Restate word for word the entries below, starting at the line with "Cosmetic dentistry to" and ending at the line with "ENCIAS INFLAMADAS y". Keep both end lines and omit the pictures.

─── EXERCISE DATA ───

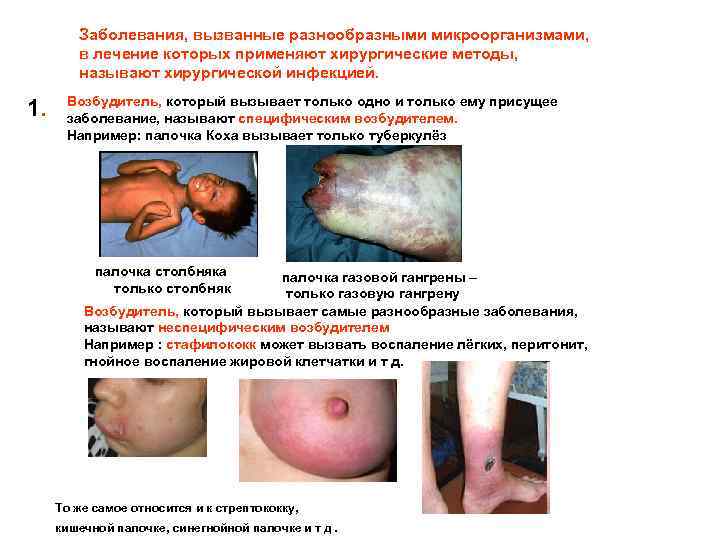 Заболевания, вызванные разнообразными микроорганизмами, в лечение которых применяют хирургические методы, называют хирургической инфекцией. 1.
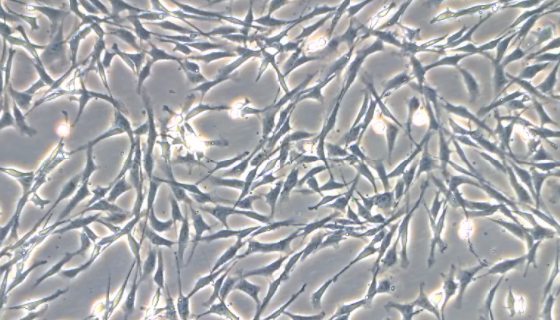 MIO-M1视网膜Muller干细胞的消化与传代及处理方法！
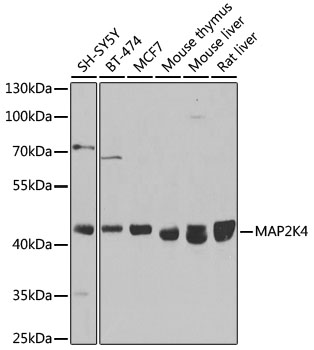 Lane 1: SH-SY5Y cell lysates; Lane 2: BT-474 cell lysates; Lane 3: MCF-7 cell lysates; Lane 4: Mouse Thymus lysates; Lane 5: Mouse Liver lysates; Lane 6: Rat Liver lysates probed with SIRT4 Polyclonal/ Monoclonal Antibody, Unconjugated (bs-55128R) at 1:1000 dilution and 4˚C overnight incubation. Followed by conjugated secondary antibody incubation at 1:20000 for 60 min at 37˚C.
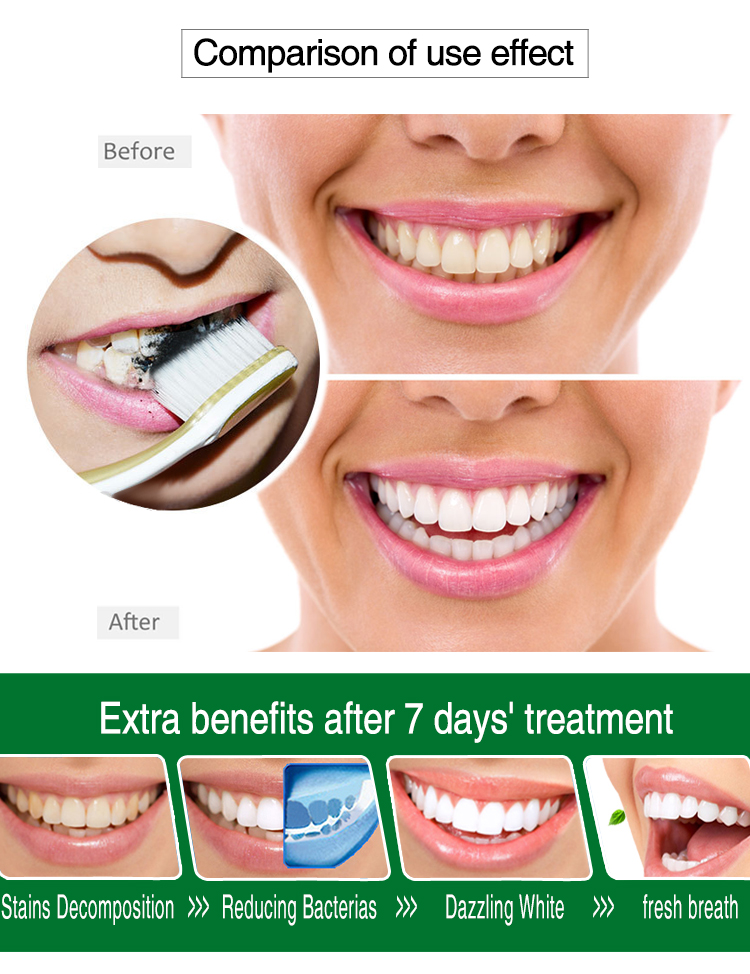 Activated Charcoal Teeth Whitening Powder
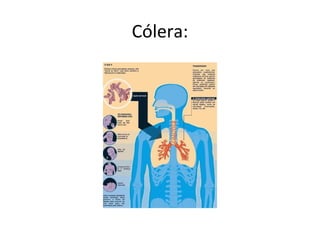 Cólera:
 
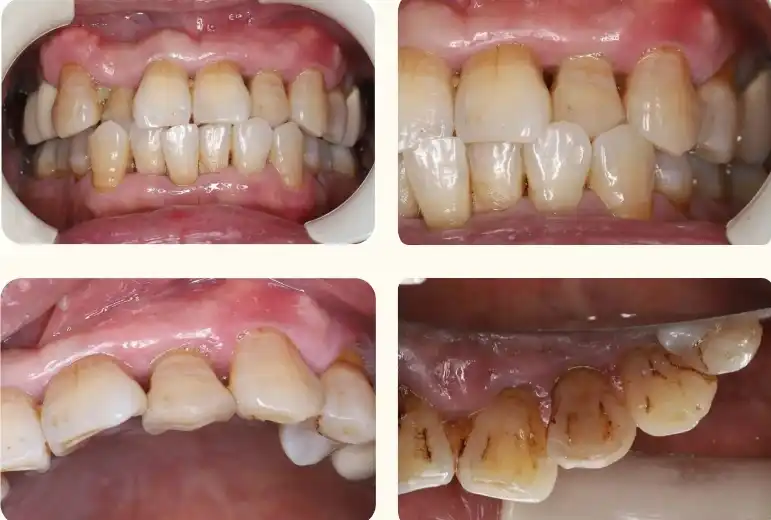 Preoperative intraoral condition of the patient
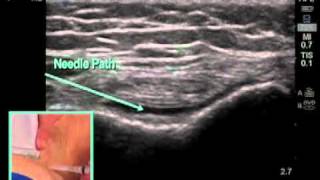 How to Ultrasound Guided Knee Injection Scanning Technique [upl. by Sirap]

───
─── EXERCISE DATA ───

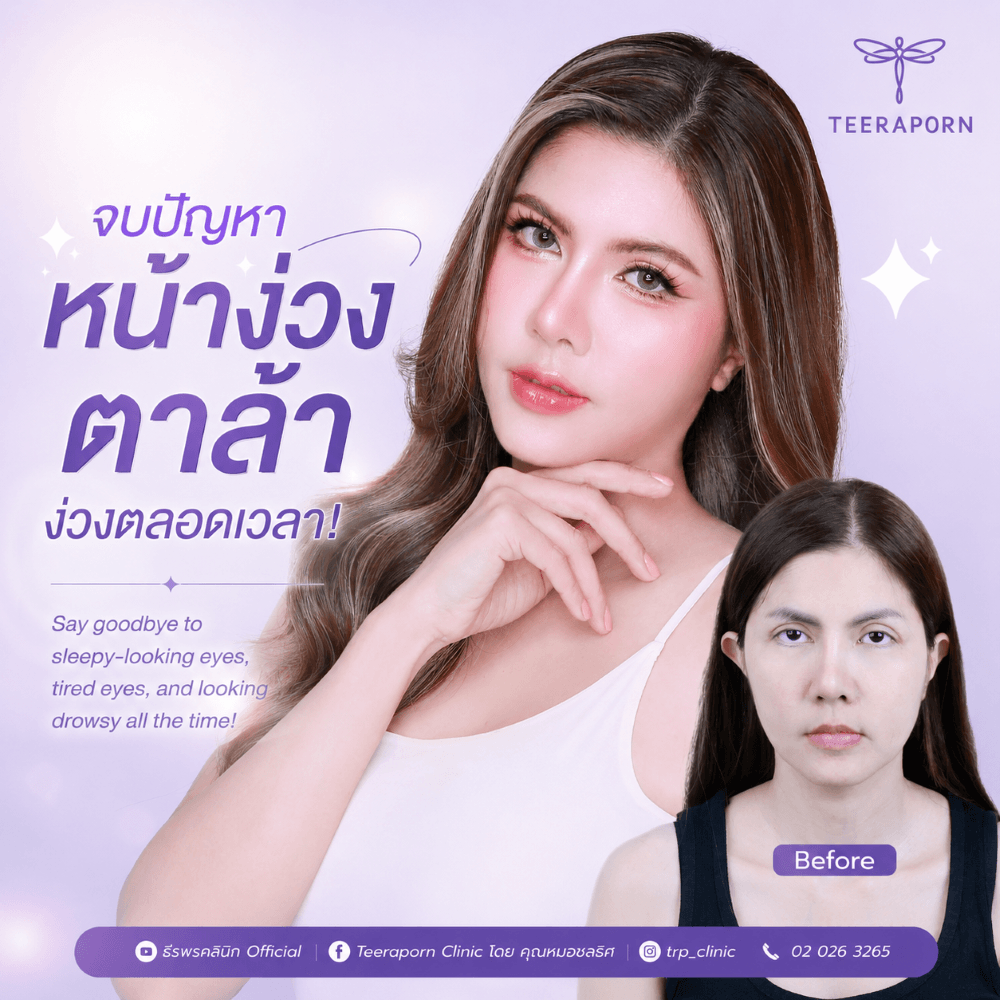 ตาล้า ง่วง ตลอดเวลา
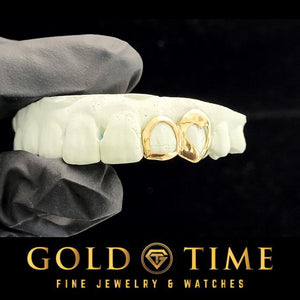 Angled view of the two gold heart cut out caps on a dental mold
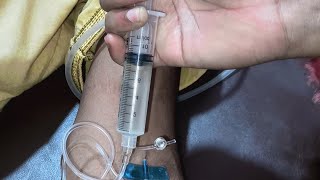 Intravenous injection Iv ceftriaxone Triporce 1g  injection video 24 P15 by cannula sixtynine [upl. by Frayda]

───
─── EXERCISE DATA ───

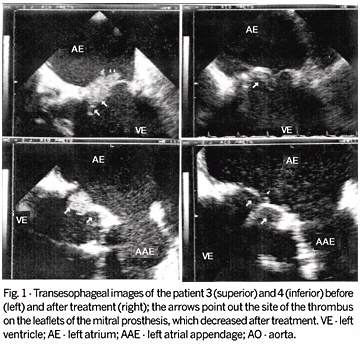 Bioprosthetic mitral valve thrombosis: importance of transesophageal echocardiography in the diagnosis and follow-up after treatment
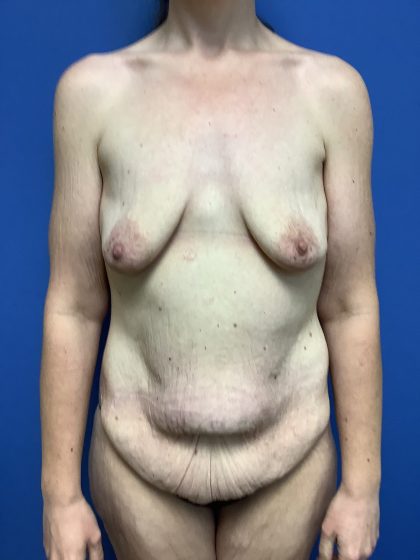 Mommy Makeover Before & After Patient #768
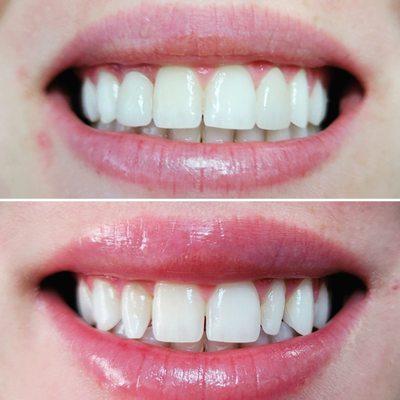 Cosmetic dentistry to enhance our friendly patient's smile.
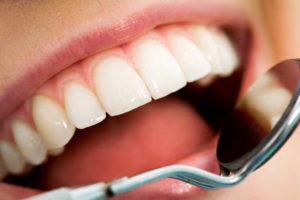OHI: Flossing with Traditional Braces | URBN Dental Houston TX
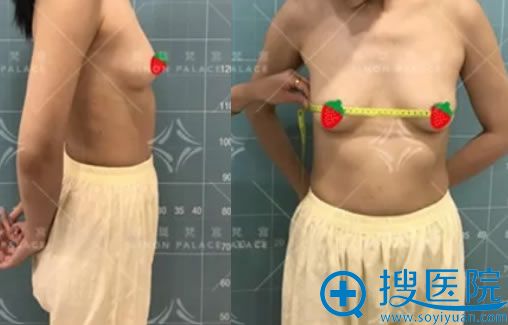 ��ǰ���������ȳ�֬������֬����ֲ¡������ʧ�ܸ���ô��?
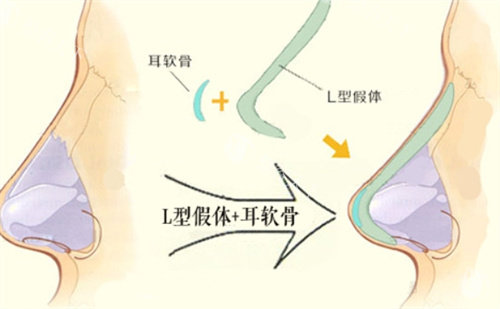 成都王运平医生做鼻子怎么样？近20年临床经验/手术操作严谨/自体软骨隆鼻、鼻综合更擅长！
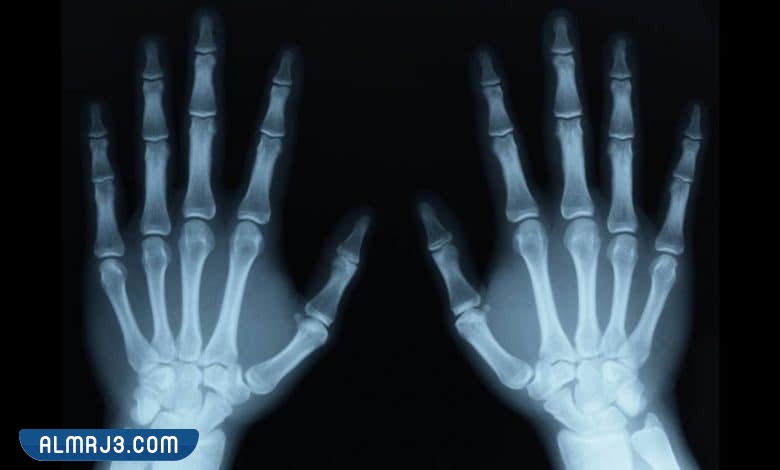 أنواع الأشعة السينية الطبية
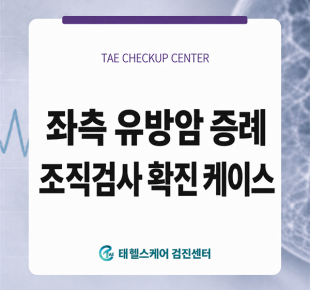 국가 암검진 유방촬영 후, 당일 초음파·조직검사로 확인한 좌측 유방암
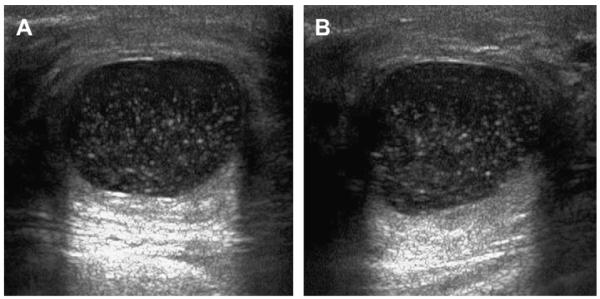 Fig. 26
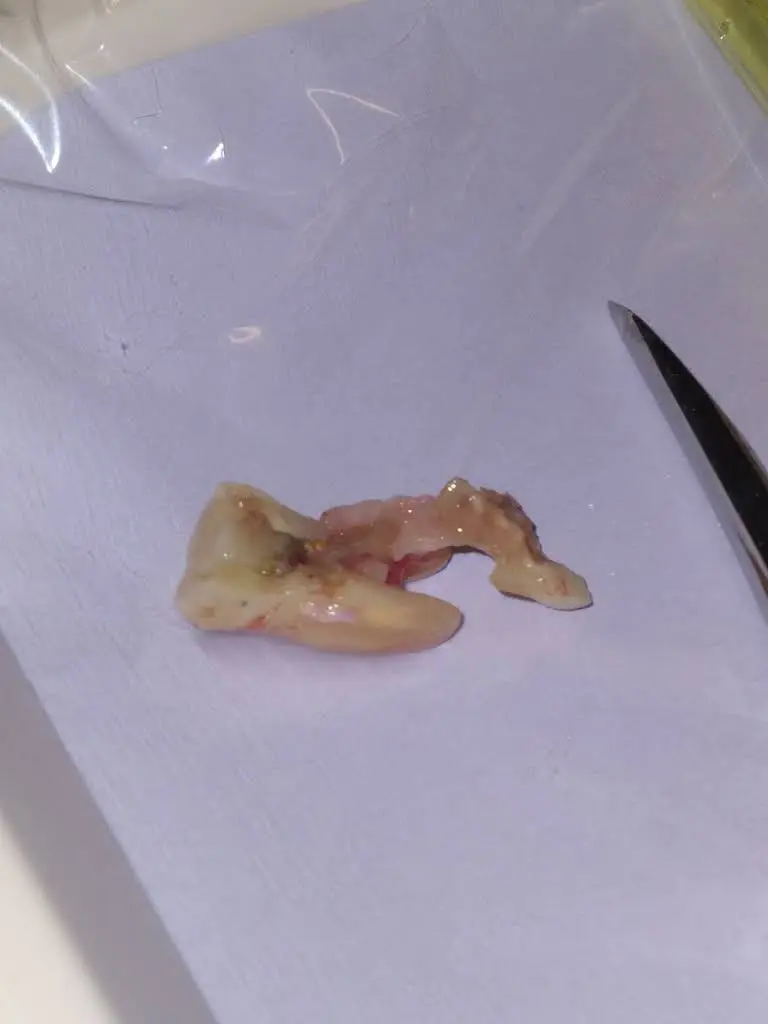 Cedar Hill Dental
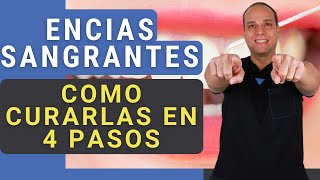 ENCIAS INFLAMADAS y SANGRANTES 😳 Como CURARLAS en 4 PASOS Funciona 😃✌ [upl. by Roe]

───

### RESPONSE TO THE TASK
 Cosmetic dentistry to enhance our friendly patient's smile.
OHI: Flossing with Traditional Braces | URBN Dental Houston TX
 ��ǰ���������ȳ�֬������֬����ֲ¡������ʧ�ܸ���ô��?
 成都王运平医生做鼻子怎么样？近20年临床经验/手术操作严谨/自体软骨隆鼻、鼻综合更擅长！
 أنواع الأشعة السينية الطبية
 국가 암검진 유방촬영 후, 당일 초음파·조직검사로 확인한 좌측 유방암
 Fig. 26
 Cedar Hill Dental
 ENCIAS INFLAMADAS y SANGRANTES 😳 Como CURARLAS en 4 PASOS Funciona 😃✌ [upl. by Roe]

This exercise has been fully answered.